Ms. Stratten gets it. This is the sexual revolution, baby, and women have won the right to be a little pervy from time to time. (We all giggled when Steve said they’d found “a hole in the marketplace,” right?) Steve and Paul recruit beefy dancers from Venice and customers from grocery-store parking lots. On opening night, the line to get into Chippendales is around the block.

So what if the talent is a little raw and unpolished? If women care when Paul — who moonlights as emcee — instructs them to “put some newspaper on those seats because you are about to get wet,” they sure don’t head for the door. There are no big dance numbers; the strippers make out with the clientele, but immediately the genius is apparent. The path from this low-rent experiment to the impeccable production that is the “Thunder Down Under” is a straight line.

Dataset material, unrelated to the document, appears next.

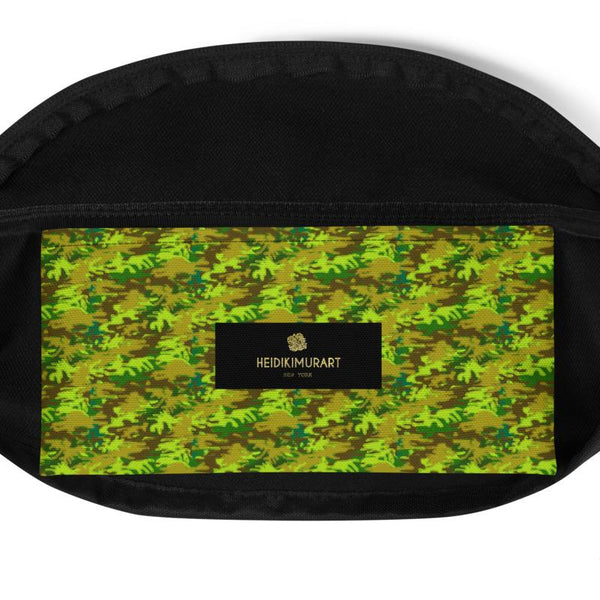 Bright Green Camo Army Camouflage Print Designer Fanny Pack Belt Bag- Made in USA-Fanny Pack-Heidi Kimura Art LLC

And that line runs through Nick De Noia, an Emmy-winning choreographer whom Steve persuades to help him class up the act. From the moment the exquisitely cast Murray Bartlett barrels onto the scene, you can smell the hilarious dance montage coming: “Sexy in the face, keep the eyes alive,” he tells the amateur dance troupe he inherits. To body roll, Nick instructs the guys “to feel it in your body like you’re a giant tongue” licking an imaginary wall. Women aren’t like men, Nick says sagely, increasingly a Yoda figure. Then he teaches his budding Magic Mikes how to eye customers seductively while simultaneously executing a jazzy little pivot turn.

Yes, Nick is in; Paul’s icky-horndog routine is out. Paul’s even losing his hold on Dorothy — or thinks he is — when The Last Picture Show director Peter Bogdanovich (Philip Shahbaz) offers her an audition in his newest film. Instead of sharing in Dorothy’s success, Paul cheapens the moment: “You’re going to fuck Peter Bogdanovich.” I wish this lady would! Peter Bogdanovich would be a massive upgrade from a dude who thinks screaming “It’s laundry time” sets a sexy tone at the strippy.

Alas, after storming out on him at lunch, Dorothy returns to Chippy’s and takes her place by Paul’s erratic and irritable side. At least things at the club are getting better by the night. By the end of “An Elegant, Exclusive Atmosphere,” Steve’s installed a pro emcee in bow tie and tails. At Dorothy’s inspired suggestion, the bare-chested bartenders complete the look with white collars and cuffs, a visual nod to the Playboy bunnies. And there’s a cowboy number, replete with hay bales and men humping their own ten-gallon hats.

In fact, the club is such a remarkable success so fast that it finally dawned on me in the episode’s closing moments that this cannot possibly be a series about the radiant birth of Chippendales. This show must be about its death.

I was still thinking this when Steve leaves Paul an answering-machine message that Paul will never hear. He’s dead and so is Dorothy, presumably by Paul’s hand. There’s a shotgun on the ground near where their bodies lay in the final seconds of the episode. Dorothy will not fuck Peter Bogdanovich or even just be in his movie. Welcome to Chippendales is a much darker — and maybe more substantial — show than I previously imagined. I am even beginning to fear that ripped Kumail Nanjiani will be keeping all his clothes on.